Se planteó teniendo como cabeza de puente a las localidades de Ricla y
Cariñena. Desde Ricla se acosaba a los musulmanes de Calatayud con el objeto de
que el ejército cristiano no fuera sorprendido por la retaguardia. Por Cariñena
se lanzó el grueso del ejército al otro lado de la sierra de Algairén. Ambos
contendientes habrían de medir sus fuerzas en los confines de Campo Romanos. En
Encinacorba se había instalado la vanguardia del ejército cristiano formada por
almogávares a pie, aquitanos a caballo y caballeros templarios. Estos últimos,
mitad soldados mitad freires, eran la mano derecha del rey, a quien, a menudo,
gustaba entrar en batalla junto a ellos. Los más ardientes guerreros de las
tropas del Batallador reparaban sus armas en la fragua, escupían sobre el acero
rusiente y blasfemaban continuamente dando una sensación de rudeza y tosquedad
premeditada. Había en el aire rumores de batalla y ánimos inquietos y
enardecidos. El vino de la tierra corría sin tiento por las gargantas rudas y
resecas de aquellos hombres violentos. Las prostitutas daban el último respiro
de placer a aquellos que tan pocas esperanzas de vida albergaban. Crecía el
temor frente a los temibles sarracenos curtidos en el rigor del desierto
africano. Eran gentes llegadas a la ribera del río Frasno a través de
polvorientos caminos y desde los lugares más apartados de la cristiandad. El
castillo, único edificio con cierta relevancia, bullía con el gentío tramenando
en los patios y en las cuadras de los animales. Allí, como en una torre de
Babel, se escuchaban las lenguas de todos los países y culturas de la Marca
Hispana. Los había que hablaban el occitano; otros, el latín; los más, una miscelánea
de lenguas románicas y pocos, la lengua de los vascones o la arábiga. Los
espías del ejército cristiano avisaron el día 14 de junio de que la vanguardia
mora había sido avistada más allá de Campo Romanos, muy cerca de la Canal de
Celfa. Era la señal esperada por el rey, que mandó, con gran presteza, que
subieran a Encinacorba el Santo Grial. Para el día 16, el obispo García de Jaca
hizo preparar un altar en medio del patio de armas del castillo, no lejos de
una enorme encina cuyo tronco había sido herido por un rayo. Colocó en el
centro del altar el Santo Cáliz y lo cubrió con la patena. A continuación, y en
presencia de su rey postrado de rodillas, comenzó el sacrificio de la misa.
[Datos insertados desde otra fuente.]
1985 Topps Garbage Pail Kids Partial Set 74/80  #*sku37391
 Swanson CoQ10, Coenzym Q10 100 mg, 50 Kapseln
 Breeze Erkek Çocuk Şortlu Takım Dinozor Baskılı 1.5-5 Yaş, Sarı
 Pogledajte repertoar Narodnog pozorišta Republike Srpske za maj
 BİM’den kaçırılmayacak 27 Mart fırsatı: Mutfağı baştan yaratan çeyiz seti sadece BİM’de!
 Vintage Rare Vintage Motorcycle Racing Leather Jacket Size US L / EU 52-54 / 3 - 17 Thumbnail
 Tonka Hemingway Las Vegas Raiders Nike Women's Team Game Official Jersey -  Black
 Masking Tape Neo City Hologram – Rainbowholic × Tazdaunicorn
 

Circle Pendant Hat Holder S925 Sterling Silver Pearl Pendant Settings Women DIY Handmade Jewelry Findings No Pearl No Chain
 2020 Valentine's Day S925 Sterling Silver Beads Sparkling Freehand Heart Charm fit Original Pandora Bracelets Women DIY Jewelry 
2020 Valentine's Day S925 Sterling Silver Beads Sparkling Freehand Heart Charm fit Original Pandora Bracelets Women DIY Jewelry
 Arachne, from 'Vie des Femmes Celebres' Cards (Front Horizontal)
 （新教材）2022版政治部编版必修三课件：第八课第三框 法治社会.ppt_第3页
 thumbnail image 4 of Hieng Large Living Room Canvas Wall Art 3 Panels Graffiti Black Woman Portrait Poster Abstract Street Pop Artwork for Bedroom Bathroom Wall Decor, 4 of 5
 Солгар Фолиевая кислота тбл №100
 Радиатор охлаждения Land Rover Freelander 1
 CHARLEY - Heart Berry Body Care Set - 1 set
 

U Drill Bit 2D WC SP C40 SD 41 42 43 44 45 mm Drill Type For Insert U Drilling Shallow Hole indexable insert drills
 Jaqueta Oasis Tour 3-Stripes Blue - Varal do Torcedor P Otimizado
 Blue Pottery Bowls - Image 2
Cuando el obispo alzó el Cáliz para la conversión del vino en sangre de Cristo,
se produjo el más impresionante y conmovedor silencio jamás visto. Una rayo de
luz partió las nubes que oscurecían el día y se proyectó sobre el vaso de ágata
que el obispo sostenía con sus manos, despidiendo en la plaza, un arco iris de
azulados colores. Intuyeron que era una señal del cielo y presagio de una
victoria segura. Rompiendo inesperadamente el silencio, aquellos duros
guerreros gritaron al unísono «¡Aragón, Aragón!» y «¡Desperta ferro!» Golpearon
las espadas sobre los escudos y el eco del sonido metálico se sintió en toda la
sierra de Algairén. Aquel día toda la vanguardia del ejército del rey Alfonso
confesó, comulgó y juró su Fe en Cristo. Al día siguiente, con el cuerpo y el
alma preparados para el combate, las tropas coronaron el Alto de San Martín y
otearon las llanuras de Campo Romanos. Atrás quedaban los verdes viñedos
cubriendo el fértil valle de las lagunas. Eran mediados de junio y aquel mar de
cereal que atravesaban iba perdiendo su primaveral verdor para cubrirse de su
dorado manto veraniego. El encuentro con los almorávides fue terrible y cruel.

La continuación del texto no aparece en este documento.